Why pgvector Over a Dedicated Vector Database
Pinecone, Weaviate, and Qdrant offer more features, but Deeppin chose pgvector. Co-location, RLS, zero extra services, Supabase free tier — a detailed analysis of every decision factor.
When building a RAG system, the first question is usually 'which vector database?' Pinecone, Weaviate, Qdrant, and Chroma are all purpose-built options. Deeppin chose pgvector — PostgreSQL's vector extension. Not because pgvector is technically superior, but because it fits the current constraints best.
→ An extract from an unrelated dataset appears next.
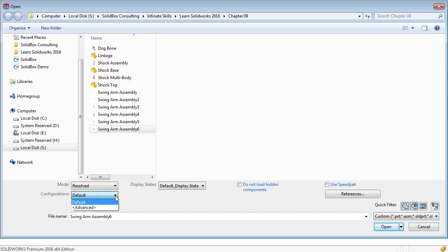There's also a configuration option. If you have multiple configurations of your assembly, you can choose which configuration to open. We'll be talking about configurations in a later chapter. Display states are different ways that you can visualize your components, and we'll be handling those in our visualization chapter.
§ 01Part 1 — Co-location: the most underrated advantage
Deeppin's business data (sessions, threads, messages) lives in Supabase PostgreSQL. If vectors were in a separate Pinecone instance, RAG retrieval would require: query Pinecone for similar chunk_ids → round-trip back to PostgreSQL for metadata and filtering. Two network hops, plus data consistency concerns between two systems.
With pgvector, vector search and relational filtering happen in the same query:
SELECT c.content, c.filename,
1 - (c.embedding <=> query_vector) AS similarity
FROM attachment_chunks c
JOIN attachments a ON a.id = c.attachment_id
WHERE a.session_id = $session_id -- relational filter
AND 1 - (c.embedding <=> $vec) > 0.3
ORDER BY c.embedding <=> $vec
LIMIT 8;This single DB request performs vector similarity, session isolation, threshold filtering, ordering, and limit — a native combination impossible to replicate in a single request to a dedicated vector database.
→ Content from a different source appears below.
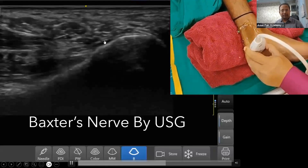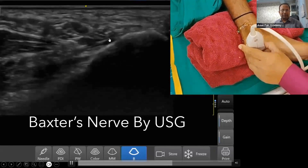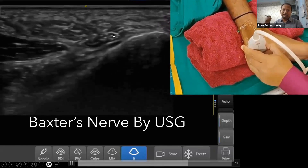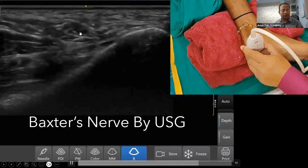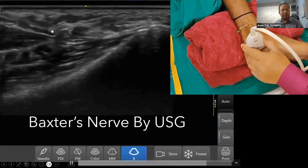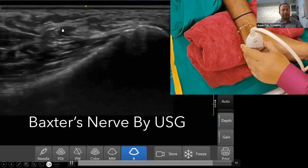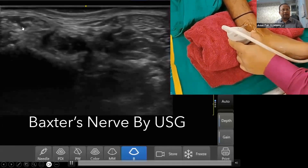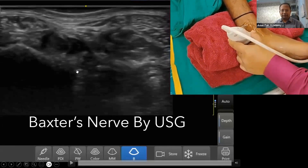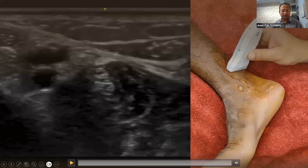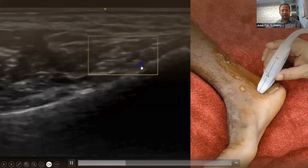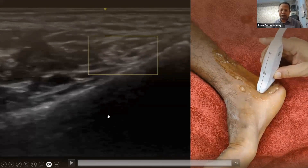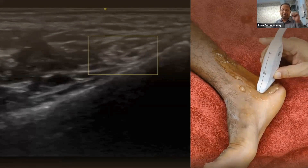We can see the Baxter's nerve here — sometimes it is a bit difficult to see, but sometimes it shows a clear honeycomb appearance. Because of its curvy course, it cannot always be seen clearly. The Baxter's nerve then joins the lateral plantar nerve and ultimately becomes part of the posterior tibial nerve. The Baxter's nerve is also accompanied by a vessel — under Doppler a pulsating vessel can sometimes be seen, and here it is taking color.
§ 02Part 2 — RLS: row-level security at the vector layer
Supabase's Row Level Security applies directly to vector tables. User A's embeddings are completely invisible to User B — no application-layer filtering needed:
ALTER TABLE attachment_chunks ENABLE ROW LEVEL SECURITY;
CREATE POLICY "user_session_isolation"
ON attachment_chunks
USING (
attachment_id IN (
SELECT id FROM attachments
WHERE session_id IN (
SELECT id FROM sessions WHERE user_id = auth.uid()
)
)
);Dedicated vector databases typically lack native row-level permissions, requiring namespaces or metadata filters to simulate it — error-prone and costly to maintain.
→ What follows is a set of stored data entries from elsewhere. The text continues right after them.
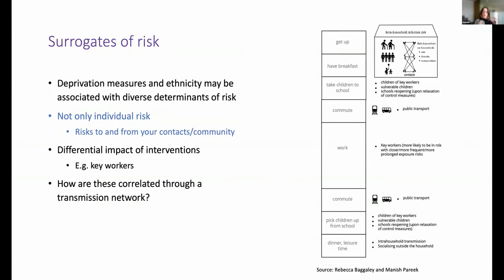This was part of an effort to identify what pieces of information we would need to build a transmission model stratified by ethnicity. The thing I'd like to stress is that we didn't feel we had sufficient information to provide that kind of modelling. Also, this is not just about individual risk — it's the risk to and from your contacts and community. And layered on top of that, we have differential impacts of interventions that we don't fully understand in terms of how they correlate through the potential transmission network.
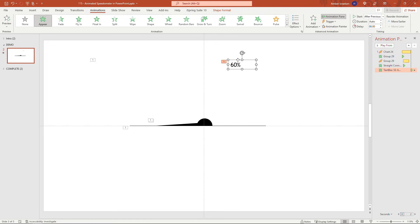That's it — that's how to create an animated speedometer in PowerPoint. I hope you found it helpful and it's something you can use in your presentations going forward. If you enjoyed this, go ahead and hit that like button and think about subscribing for more content like this. Thank you so much for watching.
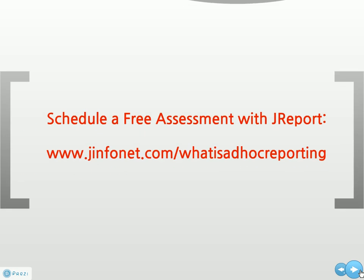To schedule a free assessment with JReport, please visit www.genfonet.com slash what is ad hoc reporting.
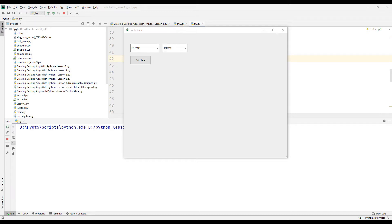In this video, we will make two desktop applications related to date and time using the Qt library in the Python programming language. After learning how our first desktop project works, we will start designing and coding the project.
§ 03Part 3 — Cost and operations
- Pinecone free tier: 1 index, 1M vectors, paid beyond that
- Weaviate Cloud free tier: limited quota, self-hosting requires extra machines
- pgvector in Supabase: included in PostgreSQL free tier, 500MB storage, zero extra cost
- One fewer service: every additional service adds operational burden, failure points, and monitoring targets
§ 04Part 4 — Performance: pgvector in practice
pgvector performs well at small scale (<1M vectors). Deeppin's vector tables (attachment_chunks and conversation_memories) hold tens to hundreds of thousands of vectors. With HNSW indexing, similarity queries typically complete in 10–50ms.
-- HNSW index (pgvector 0.5+) CREATE INDEX ON attachment_chunks USING hnsw (embedding vector_cosine_ops) WITH (m = 16, ef_construction = 64); -- Postgres auto-selects the index EXPLAIN ANALYZE SELECT * FROM attachment_chunks ORDER BY embedding <=> '[...]' LIMIT 8;
§ 05Part 5 — When to migrate
- Vector count exceeds 10M: HNSW index memory and query latency become bottlenecks
- Multi-modal vectors needed (images, audio): dedicated databases have better support
- Real-time index updates at high write throughput: pgvector HNSW degrades under heavy write load
- Vector search dominates total query volume: purpose-built optimizations become worthwhile
Deeppin is nowhere near any of these thresholds. 'Migrate when it actually becomes a bottleneck' is the correct engineering decision — premature optimization is the root of all evil.